2 stars 0 forks source link

Unfixed pipeline script Unfixed_SNP_calling.sh: sample-specific and global parts ? #7

Open weiju opened 7 months ago

weiju commented 7 months ago

Hi, while trying to reproduce the published results for the Unfixed pipeline, we are coming across some parts that don't quite work when running the script Unfixed_SNP_calling.sh on individual samples. There is this code section in the script

#filter list of highly repeated mutations with similar mutational frequency
#for those unfixed mutations that arise >=5 times in the 50K isolates, further check their reliability based on 1) the ratio in "markkept"; 2) the distribution of the mutational frequency.
cat *mixmarkkept > all_KEPT.txt; perl ~/script/loci_freq_count.pl all_KEPT.txt >kept_repeat.txt
cat *mixmark > all_MIX.txt;perl ~/script/loci_freq_count.pl all_MIX.txt > mix_repeat.txt
perl ~/script/repeat_number_merge.pl mix_repeat.txt kept_repeat.txt > merge_kept_mix.txt
perl ~/script/ratio.pl merge_kept_mix.txt > merge_kept_mix_ratio.txt
awk '$4>=5' merge_kept_mix_ratio.txt |awk '$6>0.6'|cut -f1|while read i;do echo $i > $i.per5up.txt;grep -w $i all_KEPT.txt|cut -f12 >> $i.per5up.txt;done
paste *per5up.txt > 5up_0.6_paste.txt
perl ~/script/stdv.pl 5up_0.6_paste.txt |awk '$2<0.25'|cut -f1 > 5up_0.6_0.25.list
perl ~/script/freq_extract.pl 5up_0.6_0.25.list 5up_0.6_paste.txt > 5up_0.6_0.25.txt
awk '$4>=5' merge_kept_mix_ratio.txt|cut -f1 > 5up.list
perl ~/script/repeat_loci.pl 5up_0.6_0.25.list 5up.list > 5up_remove_loc.list

and if we try to run this on a per-sample basis, the script will fail after the first awk line.
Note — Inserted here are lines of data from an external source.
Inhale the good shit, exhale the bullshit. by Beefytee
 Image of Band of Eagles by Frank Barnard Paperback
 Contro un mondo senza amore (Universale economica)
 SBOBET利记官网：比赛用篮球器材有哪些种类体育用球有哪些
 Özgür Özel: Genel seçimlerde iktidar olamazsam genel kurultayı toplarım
In our opinion this part only makes sense if it is run on the results of the entire set of isolates, so this script has both per-sample parts and per all sample parts ? This part

perl ~/script/unfix_scripts/repeatloci_filter.pl 5up_remove_loc.list $markkept > $keptfilt
#annotation of unfixed SNPs
cut -f9-11 $keptfilt > $keptsnp
perl ~/script/1_MTBC_Annotation_mtbc_4411532.pl $keptsnp > $keptanofilt

seems to be per individual sample again ? Would that happen to be the case or are we missing something here ? Appreciate your help !!